The motion did not pass — four council members voted in favor of the proposal, one voted against it, and one abstained, with three council members absent.

“(The law) is not defined,” said Councilmember Kate Harrison, who was in favor of the proposal. “I’m on the side of humanitarian.”

Some facts that had been presented at the meeting were unclear, according to Harrison. She added that there is no evidence that the crimes reported to the police that occurred at the marina were committed by the residents.

“Our entire region is in the midst of an affordability and housing crisis, which will require creative thinking to alleviate suffering,” Arreguín said in an email. “We need to have compassion and empathy for the less fortunate, many of whom simply have nowhere to go.”

Amber Whitson, a vehicular resident of the marina, attended the special meeting and said she was heartened that so many advocates came and spoke in favor for the vehicle community.

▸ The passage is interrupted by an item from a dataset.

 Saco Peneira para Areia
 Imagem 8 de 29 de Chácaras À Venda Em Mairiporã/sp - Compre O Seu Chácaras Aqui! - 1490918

Although the City Council vote defeated the proposal, another proposal to allow the vehicular community to remain for one more week passed, Harrison said. A group launched by Arreguín on June 26 is looking for a new place for vehicular residents to reside.

“I am incredibly disappointed that we were not able to find a way for RV campers at HS Lordships to remain throughout the month but remain committed to finding a permanent location in the city – and elsewhere in Alameda County — for an RV park,” Arreguín said in an email.

According to Whitson, the vehicular community still needed to pay the parking fee for the Fourth of July celebrations in the Marina, but an anonymous donor paid the parking permit fee — worth about $1,100 — for the whole community.

Whitson said the best solution, for her, would be to find an area in the city where the members of the vehicular community can all move and live together.

“We’re happy to stay … because we don’t have anywhere else to go,” Whitson said. “They have a responsibility to give us space.”

Councilmember Kriss Worthington said he dissented the proposal because it was illegal, adding that if residents should be allowed to live at the marina, the city must codify it with appropriate laws. Worthington also said a possible remedy would be to ask property owners if they are willing to allow vehicular residents to park in their driveways, backyards and other property.

“The idea was well-intended but problematic. The motion was defeated because it is unconstitutional, discriminatory and illegal, and I don’t want to be one of all three of it,” Worthington said.